The primacy of open markets, of economic efficiency over social equity, of the subservience of social and environmental policy to corporate interests now runs into a counter-force demanding limits, protection, support for livelihoods, secure identity. Even the current dominant responses being offered which focus on limiting immigration or curbing some trading freedoms (such as Trump’s pledge to stop the offshoring of jobs) mark a retreat from the neoliberal project that has been the dominant political economy project since the 1980s.


Of course, the irony is that it is corporate elites that are literally seeking to cash in on the discontent of growing social sectors. In doing so, they are playing with fire as they strengthen the emergence of political forces that are willing to use state power in unpredictable ways, and that do not share the liberal economic consensus which neoliberalism required to flourish. And, as is all too obvious as we enter 2017, the response of the centrist politics that has underpinned this consensus is to seek to emulate the appeal of the right.


Trump’s incoming administration is a fitting end to decades of corporate politics, as political leaders ceded power to global market forces, restructuring the state so that it served corporate interests rather than the interests of citizens, especially the most vulnerable. This shift in political power is well expressed in the move from the welfare state that had grown up in the post-war world to the competition state as favoured by neoliberalism. Many US voters seem to have decided that, in this situation, why not just hand over the state to corporate leaders. So we have a new Trumpian view of government as corporate ‘deal making’ over any concept of the public realm.

The dominance of far-right responses to the revolt of the dispossessed serves to occlude the fact that there have also been left-wing responses, from Syriza in Greece and Podemos in Spain, to Corbyn in the UK and Sanders in the US. These offer more substantial responses to growing inequality and social marginalisation, responses that centre on strengthening state power and forging a new social contract with civil society.
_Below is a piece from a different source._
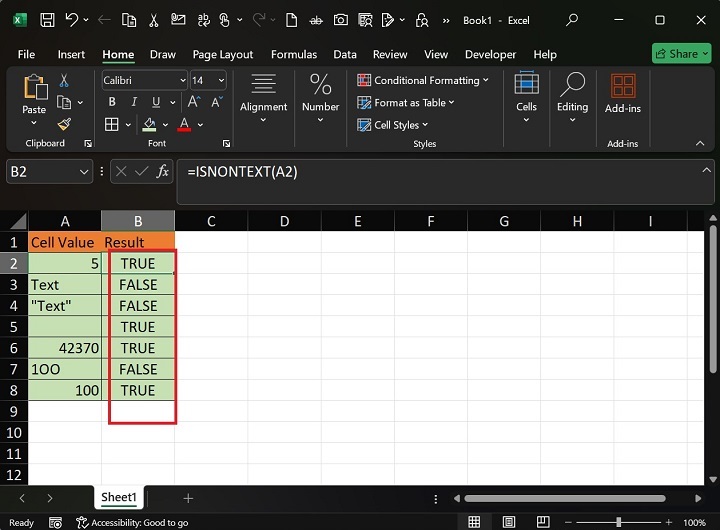 How to use the ISNONTEXT Function in Excel3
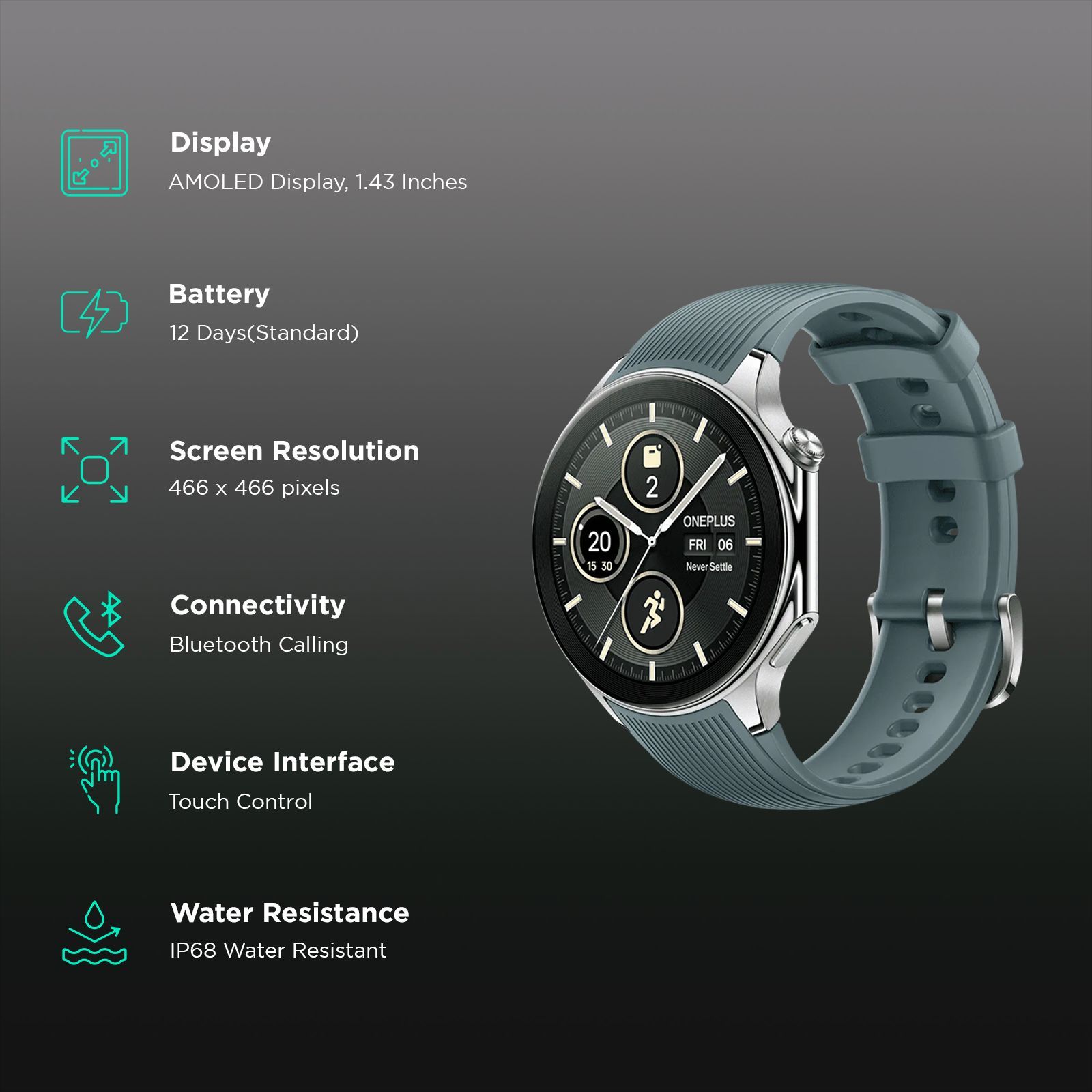 OnePlus Watch 2 GPS+WiFi+Bluetooth Google OS 4 Smartwatch (36.3mm AMOLED Display, Snapdragon W5 Gen 1, GPS, Radiant Steel Strap)_2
Yet, it must be admitted that a coherent left-wing alternative has so far failed to be able to compete with the post-truth slogans of the far right. This remains a huge challenge, forcing the left back to basics as social democracy collapses and loses its traditional support bases in country after country. This process, happening over decades, requires a much more radical response in the forging of a new and distinctive social project, not least to respond to the challenges of climate change.


The collapse of neoliberalism should also embolden the left, freeing it from the constraints of deferring to market interests. For example, the new conjuncture now requires a forceful political response to the growth of inequality, adopting such robust policies as a return to genuinely progressive taxation, as the re-invention of a strong welfare state, as mandatory pay limits reducing the obscene gap between the highest and the lowest paid, and as supporting strong countervailing forces to the power of capital. All of these are outlined in Professor Anthony B. Atkinson’s latest book on inequality; with the demise of neoliberalism they should be seriously and forcefully promoted by a rejuvenated left, and implemented in full once they win political power.


As we enter 2017, the world is being shaken up. We clearly are moving beyond the centrist consensus that helped create the successful social market capitalism of the 1950s to the late 1970s, and then underpinned the emergence of a hyper-financialised neoliberal capitalism. Our future is far less clear than for many decades, and the urgent challenges of climate change are fast moving us into completely uncharted territory. All we can say for sure is that radical change is in store; its content and direction has to be fought for. A forceful progressive response and mobilisation is more needed than ever.